Schwartz S I
Ann Surg. 1975 Oct;182(4):464-71. doi: 10.1097/00000658-197510000-00012.
Forty-three operative procedures were performed on a population of 250 patients with myeloproliferative disorders, including polycythemia vera, myeloid metaplasia (MM) and chronic myelogenous leukemia (CML). The overall operative mortality was approximately 7% and the incidence of excessive bleeding which could be related to coagulopathy was 5%. Twenty-one patients with MM or CML underwent splenectomy for palliation of symptoms related to the enlarged spleen or hematologic problems. Eighty-four percent of the latter group were improved. Adverse hematologic effects which could be attributed to splenectomy in these patients were confined to two patients who developed marked thrombocytosis. Among the 23 patients with MM, 9 had portal hypertension. Three underwent portacaval shunt and one a splenorenal shunt for bleeding varices. One of the patients died of hepatic necrosis. Estimated hepatic blood flow determinations (EHBF) in 4 patients with portal hypertension demonstrated a marked absolute increase and an increase in the ratio of EHBF/Cardiac Index. Absence of any evidence of intrahepatic or extrahepatic obstruction in these patients and the demonstration that splenectomy relieved portal hypertension defined at surgery in 4 patients, suggests that augmented adhepatic flow contributes to portal hypertension in some cases. The review leads to the conclusions that: 1) Operative procedures in prepared patients with myeloproliferative disorders are not associated with prohibitive mortality and morbidity rates. 2) Splenectomy is indicated for patients with increasing transfusion requirements and symptomatic splenomegaly or hypersplenism and should be performed early in the course of disease. 3) When associated portal hypertension and bleeding varices are present, hemodynamic studies should be carried out to define if splenectomy alone, or a portal systemic decompressive procedure is indicated.
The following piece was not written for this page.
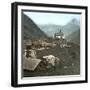 Wasen (Switzerland), Village in the Saint-Gothard Mountains, Circa 1865-Leon, Levy et Fils-Framed Photographic Print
对250例骨髓增殖性疾病患者进行了43次手术,这些疾病包括真性红细胞增多症、骨髓化生(MM)和慢性粒细胞白血病(CML)。总体手术死亡率约为7%,与凝血病相关的大出血发生率为5%。21例MM或CML患者因脾肿大或血液学问题相关症状而行脾切除术。后一组中84%的患者病情有所改善。这些患者中可归因于脾切除术的不良血液学影响仅限于2例出现明显血小板增多症的患者。在23例MM患者中,9例有门静脉高压。3例因静脉曲张出血接受了门腔分流术,1例接受了脾肾分流术。其中1例患者死于肝坏死。对4例门静脉高压患者进行的估计肝血流量测定(EHBF)显示,EHBF绝对显著增加,且EHBF/心脏指数比值增加。这些患者没有肝内或肝外梗阻的任何证据,并且脾切除术缓解了4例手术中定义的门静脉高压,这表明在某些情况下,肝旁血流增加导致门静脉高压。该综述得出以下结论:1)对准备充分的骨髓增殖性疾病患者进行手术,其死亡率和发病率并非高得令人望而却步。2)对于输血需求增加且有症状性脾肿大或脾功能亢进的患者,应行脾切除术,且应在疾病早期进行。3)当存在相关门静脉高压和静脉曲张出血时,应进行血流动力学研究,以确定是仅行脾切除术还是需要进行门体减压手术。